L'Ortigia fa la storia. Batte Brescia 7-6 e si guadagna la sua prima finale di Coppa Italia della storia. Domani sarà sfida ai pluricampioni della Pro Recco al termine di una gara monumentale, grazie a un super Tempesti e una difesa di ferro. Domani alle 16 l'ultimo atto a Genova che comunque andrà sarà già storia. 

Brescia prova subito un break (2-0) ma non sfrutta alcune superiorità e l'Ortigia cerca di rimanere a galla grazie alle reti di Ferrero e Gorria Puga. Velkic, anzi, firma il sorpasso (2-3) a 1'10'' dal termine della prima sirena, risultato con il quale si chiude il primo parziale.

In avvio di ripresa Condemi coglie subito il palo, lato opposto Tempesti dice di no a Kharkov prima, Alesiani, Renzuto Iodice e Presciutti poi; Bovo chiama time out per scuotere i suoi, incapaci di sfruttare le superiorità numeriche grazie alla compattezza dell'Ortigia dietro. Anche Tesanovic, però, non è da meno, perché dice di no a Rossi, anche se il portiere bresciano a 2'09'' deve raccogliere un altro pallone in fondo al sacco, dopo il bolide di Ferrero (2-4). I legni e qualche fallo in attacco, tengono la squadra di Bovo all'asciutto e l'Ortigia va all'intervallo lungo sul +2.

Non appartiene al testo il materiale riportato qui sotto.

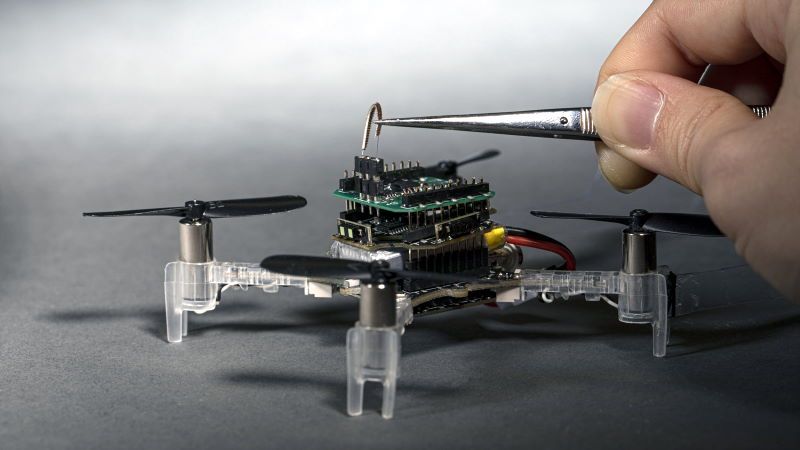 Smellicopter drone antenna falena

Il vantaggio sale addirittura sul +3 con Vapenski all'inizio del terzo parziale, dopo che Tempesti aveva chiuso la porta a Gitto. Ferrero coglie la traversa su rigore a 3'31'' ma Brescia non ne approfitta dato che Renzuto si fa parare per due volte la conclusione da Tempesti, guadagnando anche un rosso diretto dopo aver disturbato il portiere aretuseo, sintomo di nervosismo da parte del bresciano per l'andamento del match. E Ciccio Condemi fa 6-2 a 2'54'' davanti agli occhi increduli di Sandro Bovo. Il “digiuno” bresciano termina dopo 20 minuti perché Di Somma trova in rapida sequenza le reti che riportano Brescia sul -2.

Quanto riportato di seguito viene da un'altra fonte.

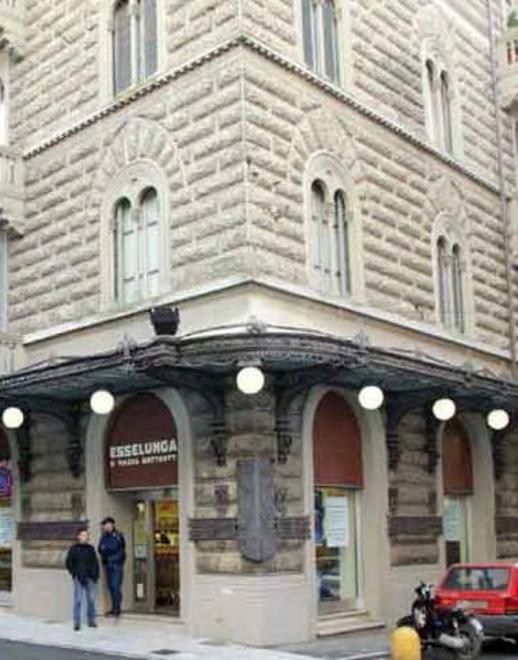 Coppia di nonnini ruba il telefonino a una dodicenne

I lombardi sono squadra di rango e in avvio di ultimo quarto trovano il -1 con Luongo, l'Ortigia sbaglia alcune conclusioni ma Ferrero trova una palombella che riporta la squadra di Piccardo (nel frattempo espulso per proteste) sul +2. Brescia pressa a tutta vasca, si sbaglia da ambo le parti ma la squadra di Bovo torna sul -1 a 1' dal termine. L'Ortigia sbaglia l'attacco, nell'azione seguente le due squadre prendono una “simultanea” dal direttore di gara (entrambe con un uomo in meno in vasca) ma Tempesti dice di no e fa la storia. 

AN Brescia-CC Ortigia 6-7

AN Brescia: Tesanovic, Dolce, Presciutti, Gianazza, Lazic, Vapenski, Renzuto Iodice, Kharkov, Alesiani 2, Luongo 2, Di Somma 2, Gitto, Baggi Necchi. Allenatore: Alessandro Bovo
C.C. Ortigia 1928: Tempesti, Cassia, Carnesecchi, A. Condemi, Di Luciano, Velkic 2, Ferrero 3, Gorrìa Puga 1, F. Condemi 1, Rossi, Vidovic, Napolitano (Cap), Ruggiero. Allenatore: Stefano Piccardo
Arbitri: Alessandro Severo (Roma) e Fabio Ricciotti (Roma)

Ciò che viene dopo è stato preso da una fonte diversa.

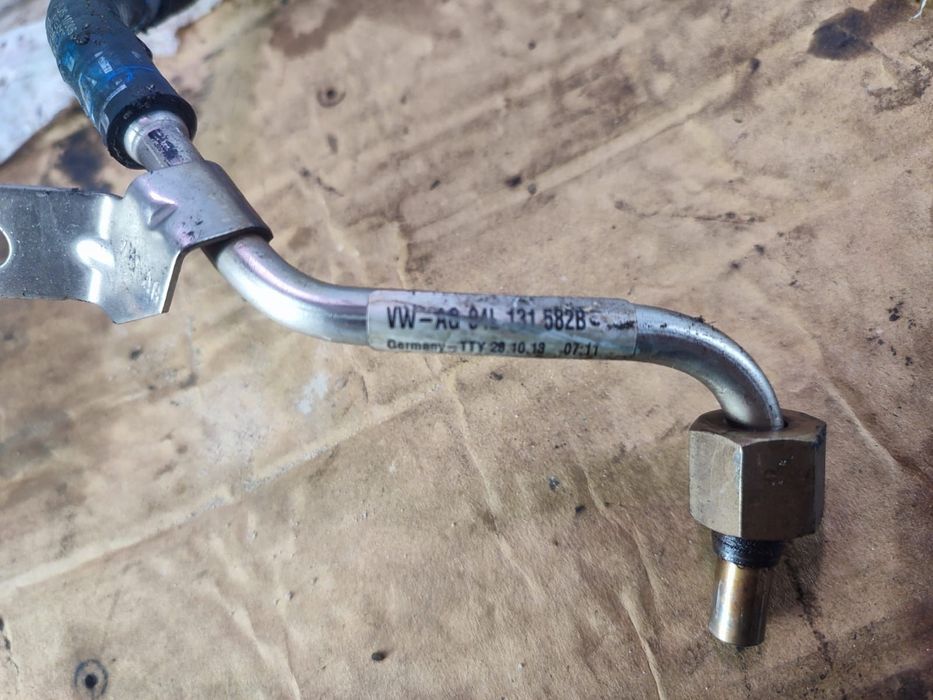 Conducta filtru de particule dpf 1.6 tdi clha 04l131582b Seat Leon 3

Parziali: 2-3, 0-1, 2-2, 2-1

Note: Usciti per limite di falli Dolce (B) a 1'12 del quarto tempo, A. Condemi (O) a 5'00 del quarto tempo e Rossi (O) a 6'47 del quarto tempo. Superiorità numeriche: Brescia 3/15 e Ortigia 1/6 + un rigore. In porta Tesanovic (B) e Tempesti (O). Ferrero (O) fallisce un rigore (traversa) a 4'20 del terzo tempo. Espulso per gioco violento Renzuto Iodice (B) a 4'49 del terzo tempo. Espulso per proteste il tecnico Piccardo (O) a 2'51 del quarto tempo.